[Captioned web image data]
-------------------------

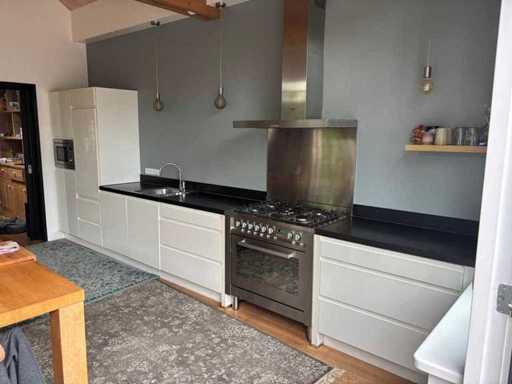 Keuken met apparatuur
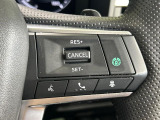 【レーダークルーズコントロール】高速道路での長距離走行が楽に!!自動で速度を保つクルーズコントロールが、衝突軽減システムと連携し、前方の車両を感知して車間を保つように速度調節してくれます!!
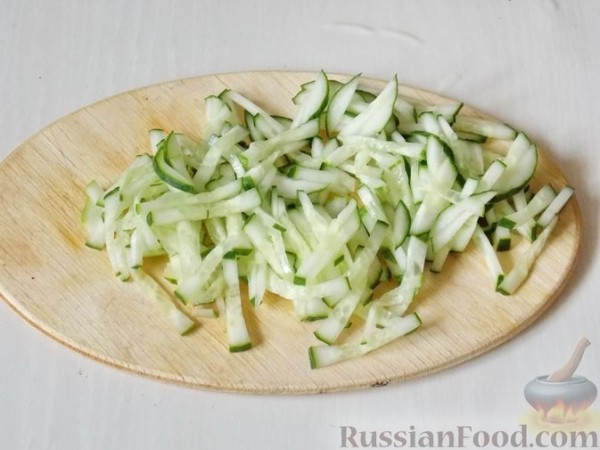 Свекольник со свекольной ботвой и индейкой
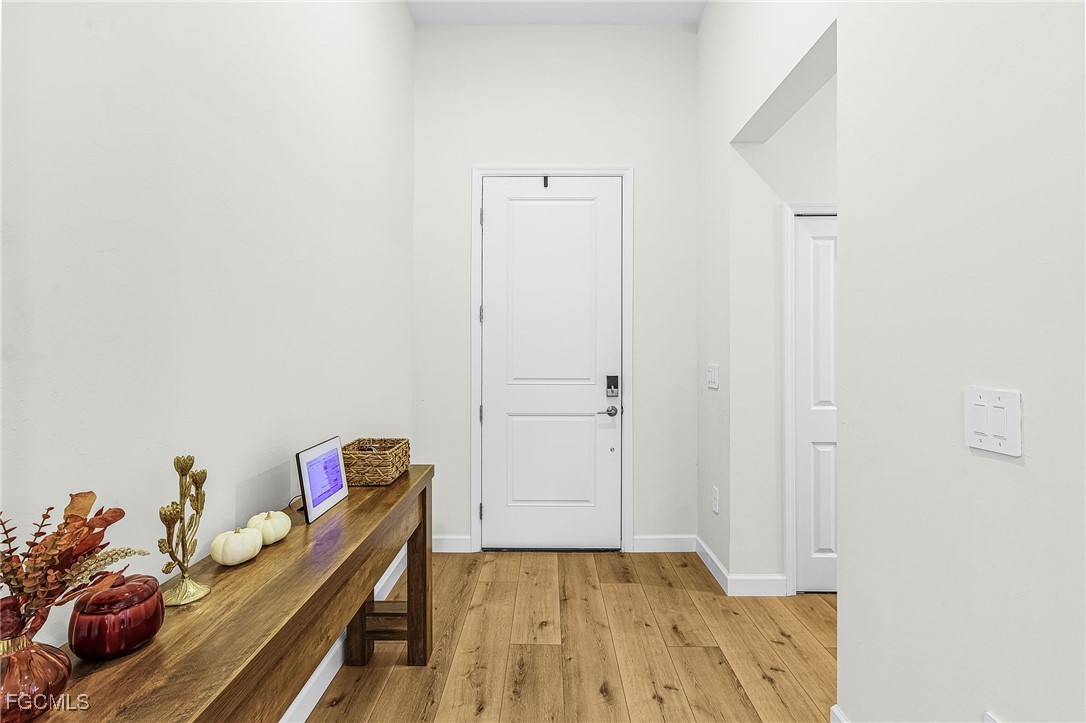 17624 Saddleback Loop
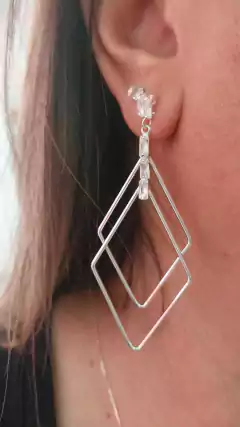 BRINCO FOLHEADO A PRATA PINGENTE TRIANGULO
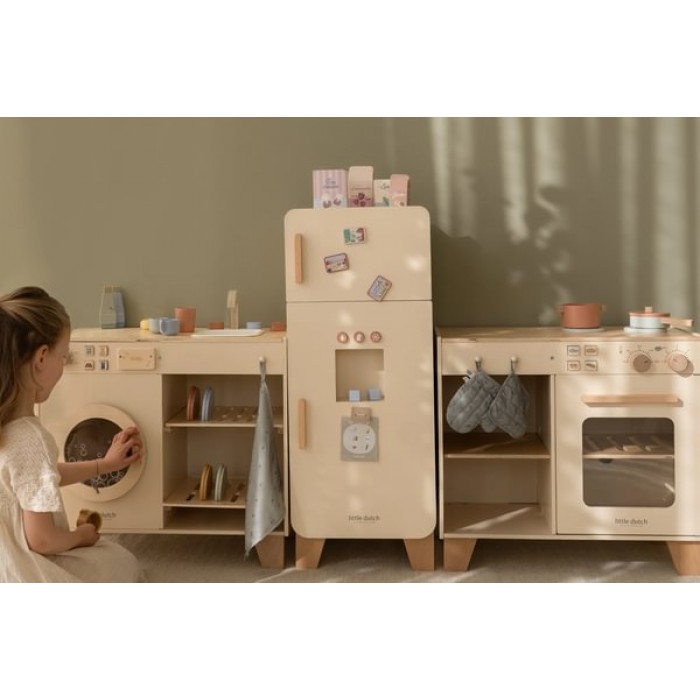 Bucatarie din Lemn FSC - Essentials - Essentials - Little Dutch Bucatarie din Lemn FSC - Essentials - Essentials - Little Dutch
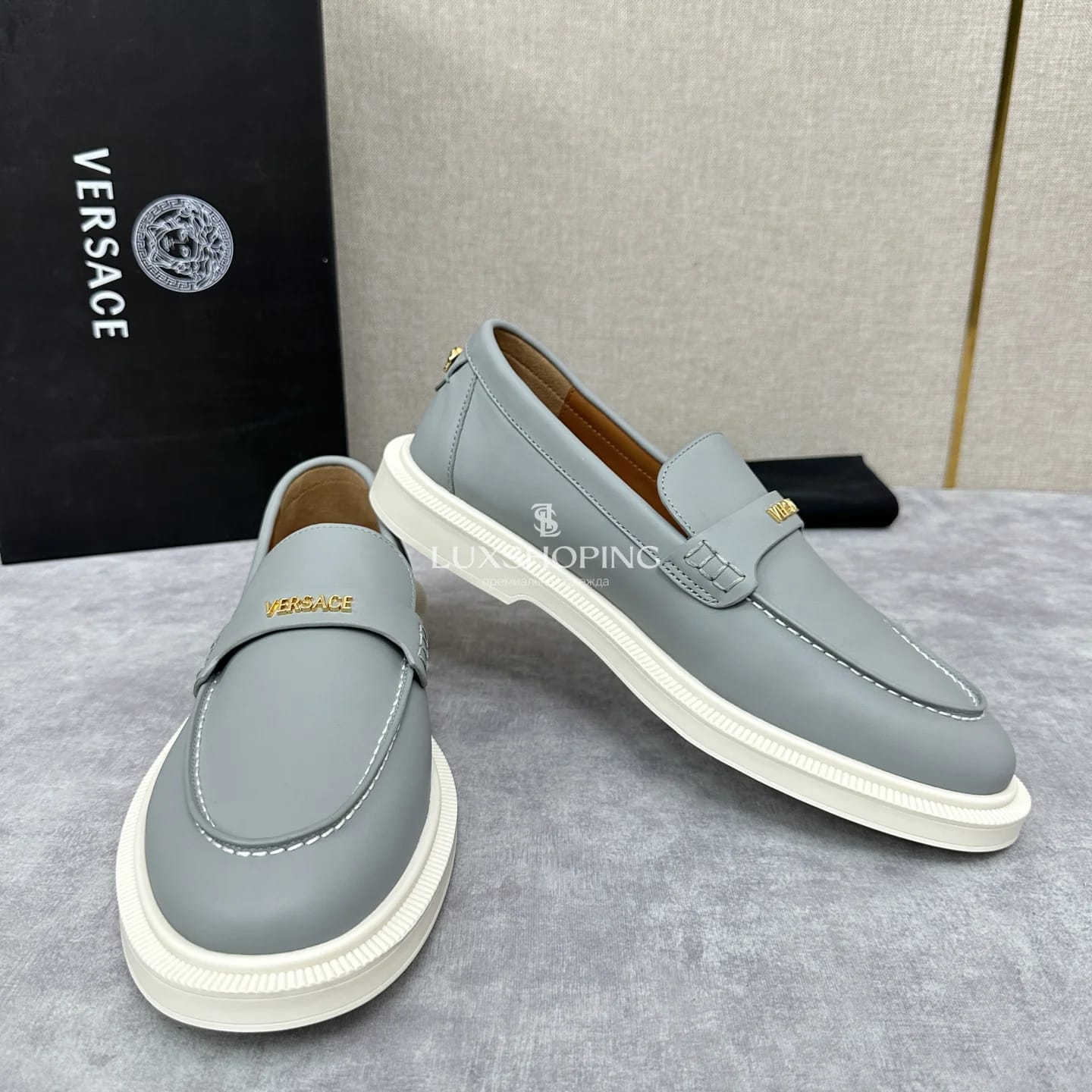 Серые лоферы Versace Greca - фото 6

-------------------------

Requirement:
Now transcribe all the entries above exactly, so that no picture is carried over.

Written response:
 Keuken met apparatuur
 【レーダークルーズコントロール】高速道路での長距離走行が楽に!!自動で速度を保つクルーズコントロールが、衝突軽減システムと連携し、前方の車両を感知して車間を保つように速度調節してくれます!!
 Свекольник со свекольной ботвой и индейкой
 17624 Saddleback Loop
 BRINCO FOLHEADO A PRATA PINGENTE TRIANGULO
 Bucatarie din Lemn FSC - Essentials - Essentials - Little Dutch Bucatarie din Lemn FSC - Essentials - Essentials - Little Dutch
 Серые лоферы Versace Greca - фото 6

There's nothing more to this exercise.